# Given information
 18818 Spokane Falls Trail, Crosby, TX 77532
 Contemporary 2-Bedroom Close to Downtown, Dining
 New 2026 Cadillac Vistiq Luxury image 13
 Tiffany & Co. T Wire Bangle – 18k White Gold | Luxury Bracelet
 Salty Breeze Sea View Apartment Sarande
...
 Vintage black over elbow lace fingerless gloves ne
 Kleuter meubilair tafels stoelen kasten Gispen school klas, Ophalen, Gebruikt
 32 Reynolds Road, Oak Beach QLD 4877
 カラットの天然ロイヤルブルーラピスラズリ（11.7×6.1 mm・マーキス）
--
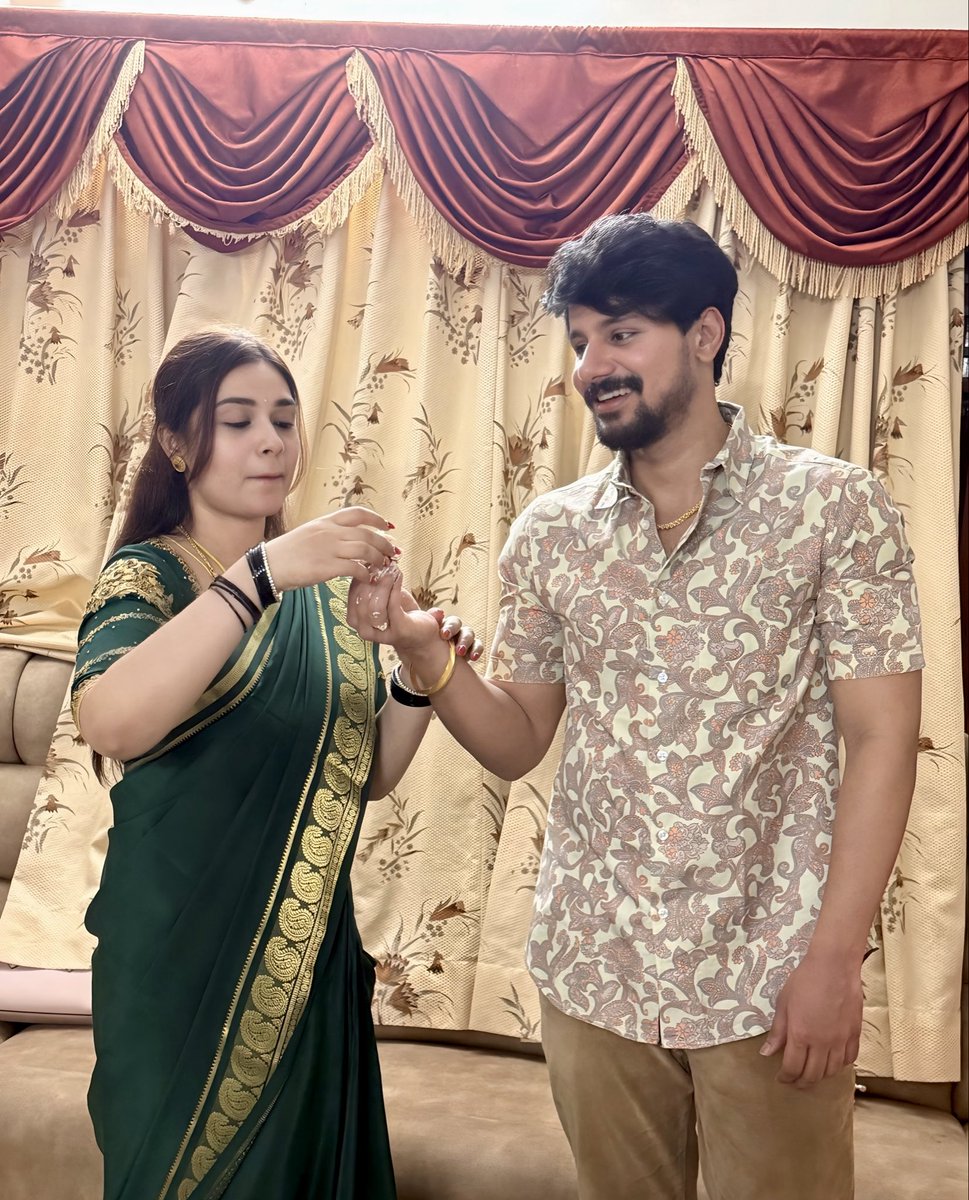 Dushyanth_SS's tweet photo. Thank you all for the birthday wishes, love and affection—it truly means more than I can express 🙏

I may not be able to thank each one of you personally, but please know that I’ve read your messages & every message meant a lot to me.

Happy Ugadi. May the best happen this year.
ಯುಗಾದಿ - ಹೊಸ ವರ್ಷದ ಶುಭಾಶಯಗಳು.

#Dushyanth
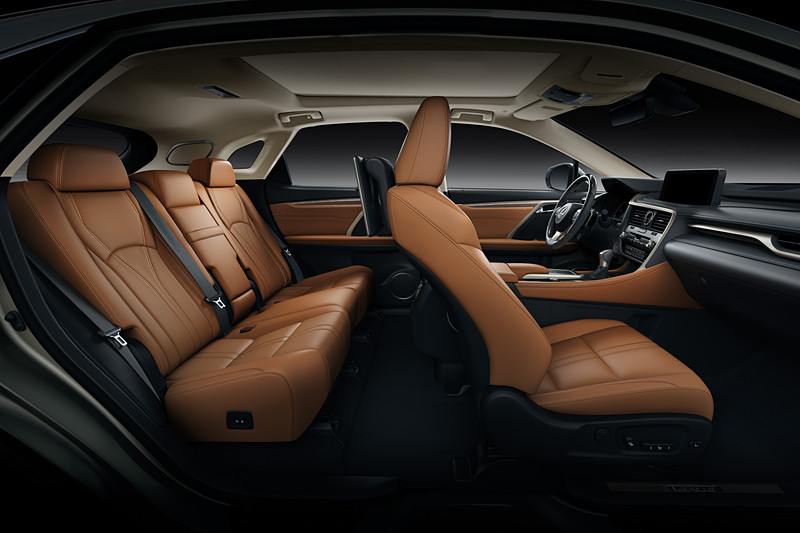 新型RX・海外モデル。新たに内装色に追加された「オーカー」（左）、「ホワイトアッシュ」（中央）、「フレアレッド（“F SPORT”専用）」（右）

# Work item
Of all the entries above, repeat only the lines from the line that has "18818 Spokane Falls Trail, Crosby, TX 77532" to the line that has "Salty Breeze Sea View Apartment Sarande", both lines included, exactly.

# Reply to the task
 18818 Spokane Falls Trail, Crosby, TX 77532
 Contemporary 2-Bedroom Close to Downtown, Dining
 New 2026 Cadillac Vistiq Luxury image 13
 Tiffany & Co. T Wire Bangle – 18k White Gold | Luxury Bracelet
 Salty Breeze Sea View Apartment Sarande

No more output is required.